L A LOI ORGANIQUE DE 2004

Enfin, en 2004, une nouvelle étape a été franchie avec la publication de la loi organique du 27 février renforçant le statut d’autonomie de la Polynésie française. 

La principale modalité de fonctionnement du statut d’autonomie a consisté à confier une compétence de droit commun à la Polynésie française, l’État conservant une compétence d’attribution.

En application de ce principe, la Polynésie française est compétente dans toutes les matières, à l’exception de celles expressément attribuées à l’État. Elle peut, à travers les actes de l’assemblée de la Polynésie française et de sa commission permanente, définir ses propres règles dans la plupart des domaines, y compris dans les matières qui en métropole relèvent du législateur, sous réserves du respect des principes généraux inscrits dans les textes formant le bloc constitutionnel ou ceux dégagés par la jurisprudence.

L’État exerce des compétences d’attribution recentrées sur ses missions régaliennes.  Grâce aux perspectives ouvertes par la loi constitutionnelle relative à la décentralisation de 2003, la nouvelle réforme statutaire s’inscrit dans le sens d’un renforcement des compétences des autorités locales.

Parmi les évolutions prévues par cette loi, qui réécrit entièrement le titre XII de la Constitution, on peut noter :

¬ l’inscription de la Polynésie française dans la Constitution : son statut fixé par une loi organique en fait une collectivité territoriale particulière qui dispose de la plus grande autonomie au sein de la République ;

¬ la sanctuarisation dans la Constitution d’une liste de compétences régaliennes de l’État ;

¬ la possibilité, selon des règles fixées par la loi organique, d’une participation de la Polynésie française, sous le contrôle de l’État, à l’exercice de certaines compétences conservées.
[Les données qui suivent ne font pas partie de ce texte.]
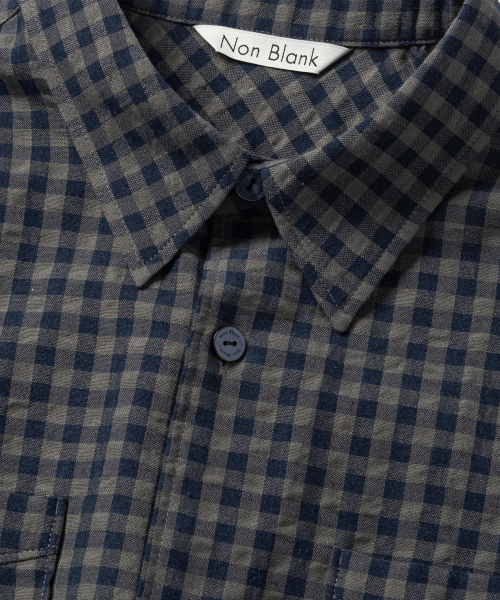 NONBLANK(ノンブランク)の「ギンガムチェッククロップHSシャツ_KHAKI BLUE(シャツ/ブラウス・メンズ・カーキ・SMALL/MEDIUM/LARGE/X-LARGE)」の4枚目の写真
Le concept d’autonomie a été mis au point progressivement par un dialogue constant entre les instances polynésiennes et le gouvernement national. Son application repose sur un partenariat entre l’État garantissant la solidarité nationale et la sécurité globale de la société, et la volonté des Polynésiens de mettre en valeur leurs ressources propres. Elle a permis un développement économique, social et culturel de la Polynésie française sans précédent.

La loi organique du 27 février 2004 permet de progresser dans cette direction en offrant à la Polynésie française un cadre constitutionnel rénové, sécurisé, clarifié et assoupli. Cependant, la période d'instabilité connue depuis 2004 a conduit à un ajustement du statut intervenu en 2007 et renforcé en 2011.